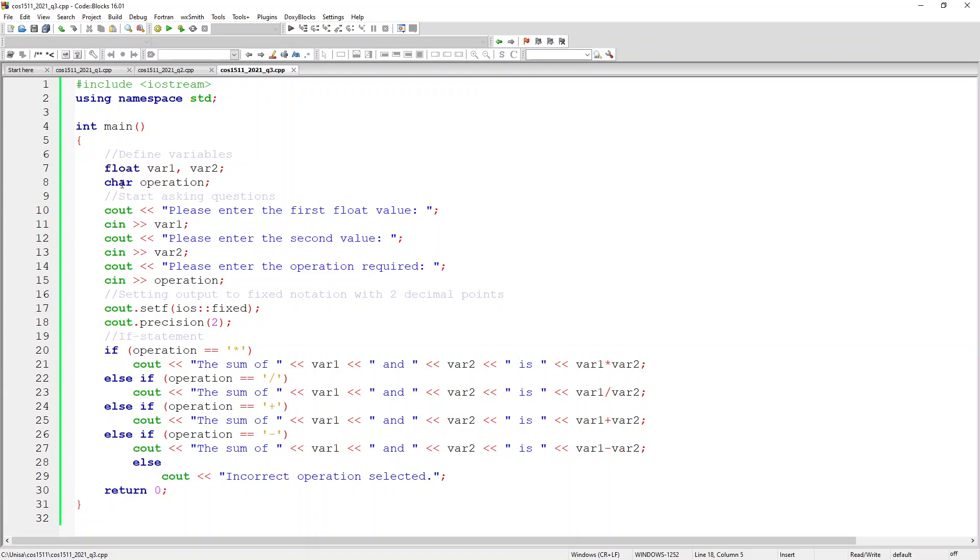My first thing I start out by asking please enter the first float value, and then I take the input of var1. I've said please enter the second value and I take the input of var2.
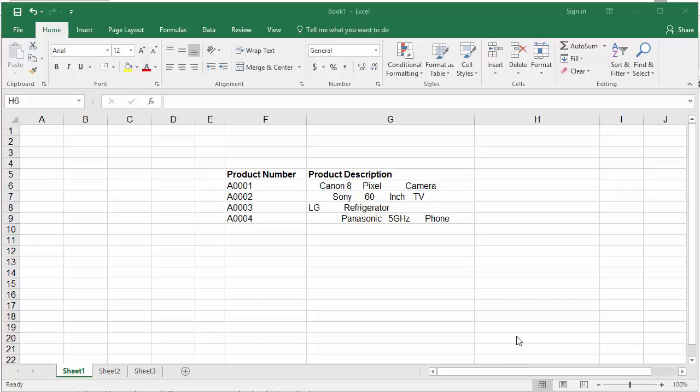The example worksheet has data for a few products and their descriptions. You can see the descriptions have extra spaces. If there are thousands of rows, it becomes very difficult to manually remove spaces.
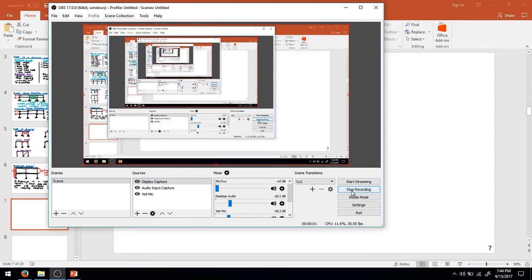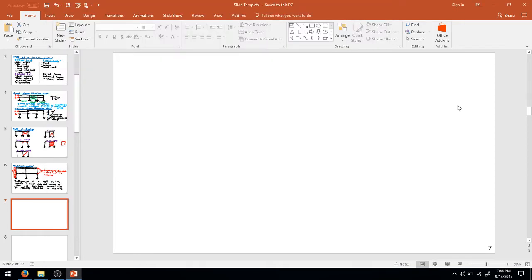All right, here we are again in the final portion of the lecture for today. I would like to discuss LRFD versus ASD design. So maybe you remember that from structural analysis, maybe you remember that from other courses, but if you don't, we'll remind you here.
• • •
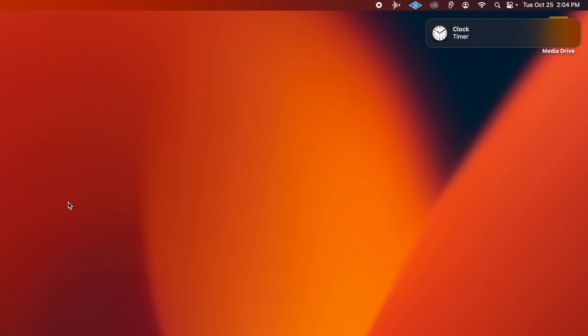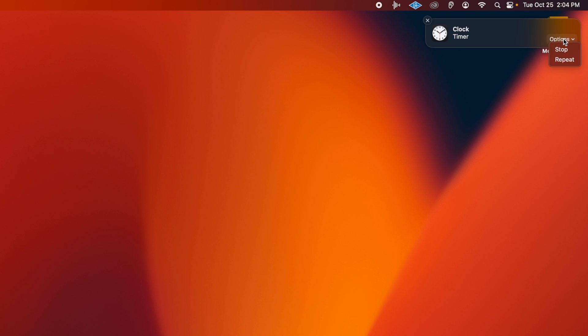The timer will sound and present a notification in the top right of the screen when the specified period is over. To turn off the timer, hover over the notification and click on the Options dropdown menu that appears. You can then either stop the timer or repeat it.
• • •
# [INSTRUCTIONS TO FOLLOW]
Transcribe, word for word, the stretch of lines in the data above from the one with "My first thing" through the one with "All right, here"; omit all pictures.

# [EXPECTED ANSWER]
My first thing I start out by asking please enter the first float value, and then I take the input of var1. I've said please enter the second value and I take the input of var2.
The example worksheet has data for a few products and their descriptions. You can see the descriptions have extra spaces. If there are thousands of rows, it becomes very difficult to manually remove spaces.
All right, here we are again in the final portion of the lecture for today. I would like to discuss LRFD versus ASD design. So maybe you remember that from structural analysis, maybe you remember that from other courses, but if you don't, we'll remind you here.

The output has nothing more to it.